- Extracted data -
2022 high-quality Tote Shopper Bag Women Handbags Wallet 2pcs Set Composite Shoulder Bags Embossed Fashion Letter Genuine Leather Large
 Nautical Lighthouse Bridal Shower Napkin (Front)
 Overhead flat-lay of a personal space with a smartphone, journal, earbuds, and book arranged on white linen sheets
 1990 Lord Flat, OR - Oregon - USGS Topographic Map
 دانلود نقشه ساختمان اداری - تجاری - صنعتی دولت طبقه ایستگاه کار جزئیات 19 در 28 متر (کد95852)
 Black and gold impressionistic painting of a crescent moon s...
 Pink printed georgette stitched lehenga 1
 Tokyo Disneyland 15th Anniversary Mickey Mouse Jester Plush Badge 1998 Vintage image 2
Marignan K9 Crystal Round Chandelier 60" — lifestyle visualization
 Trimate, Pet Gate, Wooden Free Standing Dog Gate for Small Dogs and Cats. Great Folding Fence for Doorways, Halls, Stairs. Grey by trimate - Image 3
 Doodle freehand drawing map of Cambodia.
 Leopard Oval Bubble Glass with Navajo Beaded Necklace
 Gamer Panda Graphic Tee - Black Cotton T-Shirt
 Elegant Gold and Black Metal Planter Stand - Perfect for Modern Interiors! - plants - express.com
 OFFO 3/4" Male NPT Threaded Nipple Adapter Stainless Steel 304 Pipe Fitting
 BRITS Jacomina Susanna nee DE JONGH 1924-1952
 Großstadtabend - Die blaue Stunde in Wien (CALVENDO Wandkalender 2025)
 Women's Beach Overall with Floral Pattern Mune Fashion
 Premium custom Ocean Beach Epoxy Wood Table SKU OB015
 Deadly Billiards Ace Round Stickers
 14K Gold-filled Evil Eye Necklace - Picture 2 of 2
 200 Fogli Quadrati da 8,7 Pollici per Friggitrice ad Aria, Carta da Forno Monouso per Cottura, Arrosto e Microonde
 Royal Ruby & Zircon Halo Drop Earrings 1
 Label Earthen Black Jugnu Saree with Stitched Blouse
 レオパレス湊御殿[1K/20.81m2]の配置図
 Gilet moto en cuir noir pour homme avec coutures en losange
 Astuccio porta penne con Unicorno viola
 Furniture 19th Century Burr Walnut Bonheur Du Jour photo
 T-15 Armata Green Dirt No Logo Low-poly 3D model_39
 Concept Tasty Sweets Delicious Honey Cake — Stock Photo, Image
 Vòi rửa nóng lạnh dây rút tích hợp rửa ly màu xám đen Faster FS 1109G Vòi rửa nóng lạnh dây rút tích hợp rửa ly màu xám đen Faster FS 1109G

- Work to be completed -
The output must reproduce the whole listing without a single change.

- Output for this task -
2022 high-quality Tote Shopper Bag Women Handbags Wallet 2pcs Set Composite Shoulder Bags Embossed Fashion Letter Genuine Leather Large
 Nautical Lighthouse Bridal Shower Napkin (Front)
 Overhead flat-lay of a personal space with a smartphone, journal, earbuds, and book arranged on white linen sheets
 1990 Lord Flat, OR - Oregon - USGS Topographic Map
 دانلود نقشه ساختمان اداری - تجاری - صنعتی دولت طبقه ایستگاه کار جزئیات 19 در 28 متر (کد95852)
 Black and gold impressionistic painting of a crescent moon s...
 Pink printed georgette stitched lehenga 1
 Tokyo Disneyland 15th Anniversary Mickey Mouse Jester Plush Badge 1998 Vintage image 2
Marignan K9 Crystal Round Chandelier 60" — lifestyle visualization
 Trimate, Pet Gate, Wooden Free Standing Dog Gate for Small Dogs and Cats. Great Folding Fence for Doorways, Halls, Stairs. Grey by trimate - Image 3
 Doodle freehand drawing map of Cambodia.
 Leopard Oval Bubble Glass with Navajo Beaded Necklace
 Gamer Panda Graphic Tee - Black Cotton T-Shirt
 Elegant Gold and Black Metal Planter Stand - Perfect for Modern Interiors! - plants - express.com
 OFFO 3/4" Male NPT Threaded Nipple Adapter Stainless Steel 304 Pipe Fitting
 BRITS Jacomina Susanna nee DE JONGH 1924-1952
 Großstadtabend - Die blaue Stunde in Wien (CALVENDO Wandkalender 2025)
 Women's Beach Overall with Floral Pattern Mune Fashion
 Premium custom Ocean Beach Epoxy Wood Table SKU OB015
 Deadly Billiards Ace Round Stickers
 14K Gold-filled Evil Eye Necklace - Picture 2 of 2
 200 Fogli Quadrati da 8,7 Pollici per Friggitrice ad Aria, Carta da Forno Monouso per Cottura, Arrosto e Microonde
 Royal Ruby & Zircon Halo Drop Earrings 1
 Label Earthen Black Jugnu Saree with Stitched Blouse
 レオパレス湊御殿[1K/20.81m2]の配置図
 Gilet moto en cuir noir pour homme avec coutures en losange
 Astuccio porta penne con Unicorno viola
 Furniture 19th Century Burr Walnut Bonheur Du Jour photo
 T-15 Armata Green Dirt No Logo Low-poly 3D model_39
 Concept Tasty Sweets Delicious Honey Cake — Stock Photo, Image
 Vòi rửa nóng lạnh dây rút tích hợp rửa ly màu xám đen Faster FS 1109G Vòi rửa nóng lạnh dây rút tích hợp rửa ly màu xám đen Faster FS 1109G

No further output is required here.